*ASSIGNMENT:* Go through the data below line by line and count those containing the word "School". Reply with the count only.

*TASK DATA:*
Start of Block

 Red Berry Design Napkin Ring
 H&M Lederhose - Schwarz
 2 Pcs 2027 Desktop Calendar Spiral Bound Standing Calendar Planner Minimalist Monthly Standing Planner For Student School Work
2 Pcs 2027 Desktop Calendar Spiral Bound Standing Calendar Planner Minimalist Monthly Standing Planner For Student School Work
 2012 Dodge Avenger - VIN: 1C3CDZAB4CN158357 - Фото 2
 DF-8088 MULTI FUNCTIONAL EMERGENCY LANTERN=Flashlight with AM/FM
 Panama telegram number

End of Block
Start of Block

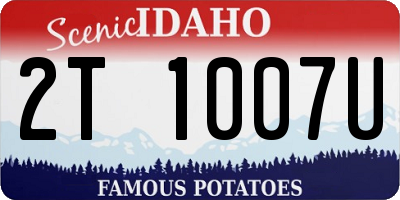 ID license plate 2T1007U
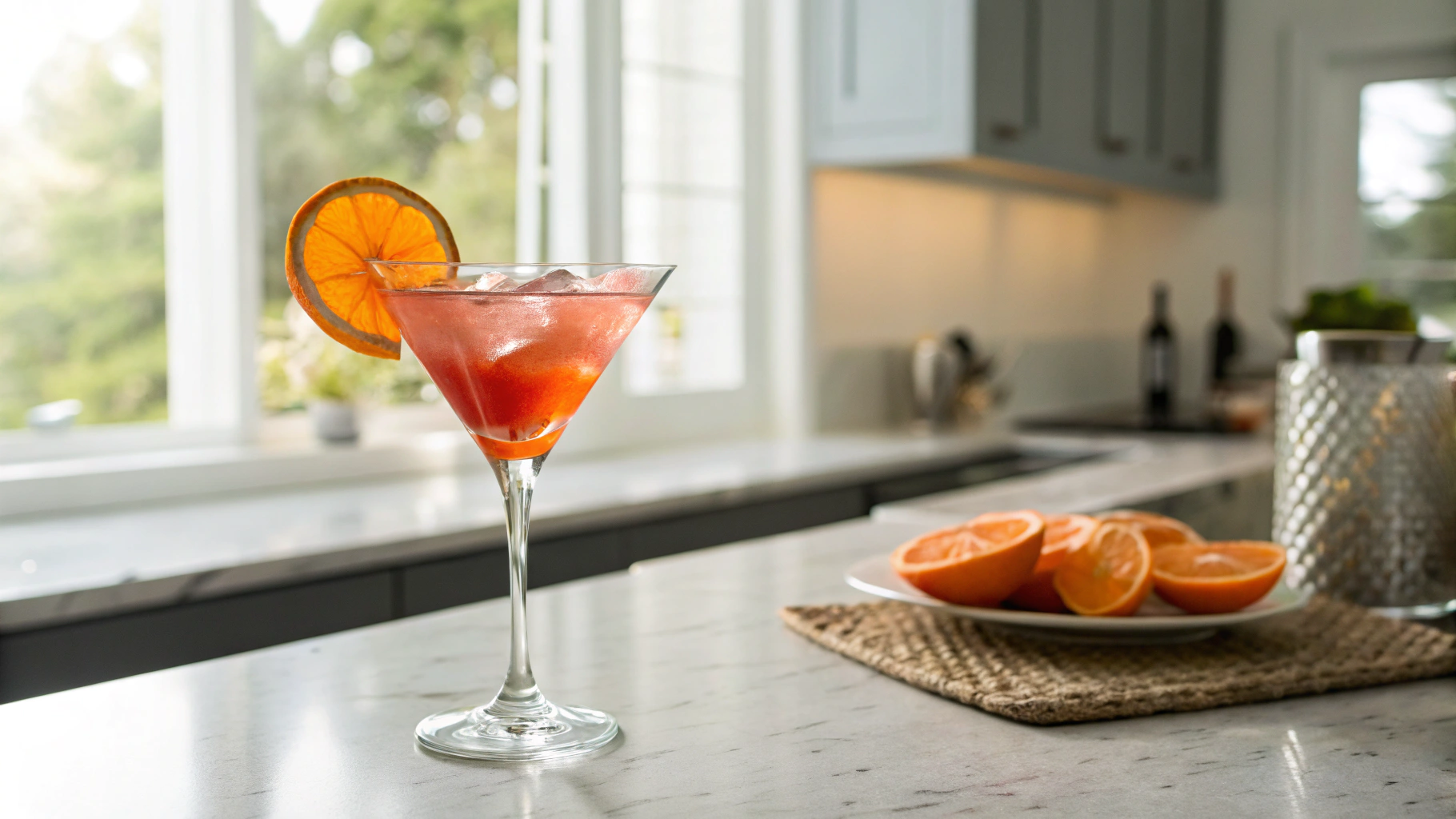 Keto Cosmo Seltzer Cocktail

End of Block

*TASK ANSWER:* 2